USS Barnett (AP-11, later APA-5), From: 1940 to 1946. USS Barnett, a 9432-ton transport, was built in 1928 in England as the civilian passenger ship Santa Maria. She was purchased by the Navy in August 1940 and commissioned the following month. During the rest of 1940 and in 1941 she took part in amphibious training exercises in the Caribbean area. In 1942, following the outbreak of war between the United States and Japan, Barnett went to the Pacific, where she participated in the invasion of Guadalcanal in August and the subsequent campaign to hold that island in the face of Japanese efforts to retake it. Reclassified as an attack transport in February 1943, with the new hull number APA-5, Barnett spent that year and the next in the Atlantic war theater. During 1943 she was part of the amphibious forces that supported the landings on Sicily in July and at Salerno in September. During the Sicily operation, on 11 July 1943, Barnett was near-missed by an enemy bomb, which damaged the ship and killed seven of the Army troops on board. The transport was also active during the Normandy invasion in June 1944 and in the invasion of Southern France in August and September 1944. Barnett returned to the Pacific in time to participate in the Okinawa landings in April 1945 and steamed back to the United States shortly after the end of the war with Japan. In May 1946, USS Barnett was decommissioned at Newport, Rhode Island. She was transferred to the Maritime Commission in July 1946. Invasion of Guadalcanal can be found here: Guadalcanal-Tulagi Invasion, 7-9 August 1942, as well as The campaign to hold that Island. And though I do not have her Logs, you can retrieve them from the National Naval Archives. I hope this responds to your question. -Birdymckee
There is no National Naval Archives. The Cruise Logs you seek, if they exist, will be found at the NARA II, College Park, MD. Send an email to: Archives2reference@nara.gov And tell them exactly what you need. The NARA staff will pull the records and send you a letter describing the documents they have and the cost, which is $0.75 per page. Dave
And each day will start a new pge, IIRC, so you're looking at 60 pages minimum, more if hell's-a-poppin'. (I made a mental note to never put that in a deck log again.)

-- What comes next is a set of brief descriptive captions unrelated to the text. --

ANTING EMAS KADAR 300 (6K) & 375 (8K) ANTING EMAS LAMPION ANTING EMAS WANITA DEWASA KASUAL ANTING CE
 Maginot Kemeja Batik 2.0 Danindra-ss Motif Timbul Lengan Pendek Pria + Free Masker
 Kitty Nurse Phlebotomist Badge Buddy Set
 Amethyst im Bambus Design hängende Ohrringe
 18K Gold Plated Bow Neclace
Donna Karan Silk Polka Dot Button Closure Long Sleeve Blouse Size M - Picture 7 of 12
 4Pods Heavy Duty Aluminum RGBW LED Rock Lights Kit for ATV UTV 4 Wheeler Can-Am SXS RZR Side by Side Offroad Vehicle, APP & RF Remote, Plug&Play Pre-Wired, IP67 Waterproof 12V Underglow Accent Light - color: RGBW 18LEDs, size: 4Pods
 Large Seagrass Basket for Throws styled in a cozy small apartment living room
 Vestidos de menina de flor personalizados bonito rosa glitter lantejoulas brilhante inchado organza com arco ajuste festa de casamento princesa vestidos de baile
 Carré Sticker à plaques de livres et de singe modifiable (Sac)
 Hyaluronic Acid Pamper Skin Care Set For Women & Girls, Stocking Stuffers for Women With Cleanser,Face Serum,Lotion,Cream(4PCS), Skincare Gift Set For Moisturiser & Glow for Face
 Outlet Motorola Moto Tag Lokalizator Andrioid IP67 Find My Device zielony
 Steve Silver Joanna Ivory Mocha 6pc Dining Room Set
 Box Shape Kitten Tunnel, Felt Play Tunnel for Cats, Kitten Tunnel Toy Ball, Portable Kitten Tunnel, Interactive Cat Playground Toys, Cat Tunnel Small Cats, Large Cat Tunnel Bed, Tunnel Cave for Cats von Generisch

No, you won't find them there. "2. The Ships Deck Logs Section only maintains custody of deck logs for commissioned U.S. Navy ships covering the past thirty years. Every year a calendar years worth of deck logs that reaches the 31 year mark is transferred to the National Archives." Deck Log Section-Ships History Branch, Records Dave
I do believe that those archives are the National Archives the "Naval" was not supposed to be placed in there, my apologies.
Thanks to all. I'll keep hunting. I'm trying to track the Barnett's trip from Tongatabu between 15 May 1942 and 3 June 42. Some sources say she went directly from Tongatabu to San Diego, carrying Flatley and others slated for VF-10, as well as Lexington survivors. But I have some evidence to suggest that she stopped in Pearl Harbor first before continuing to the west coast. Would like to verify this.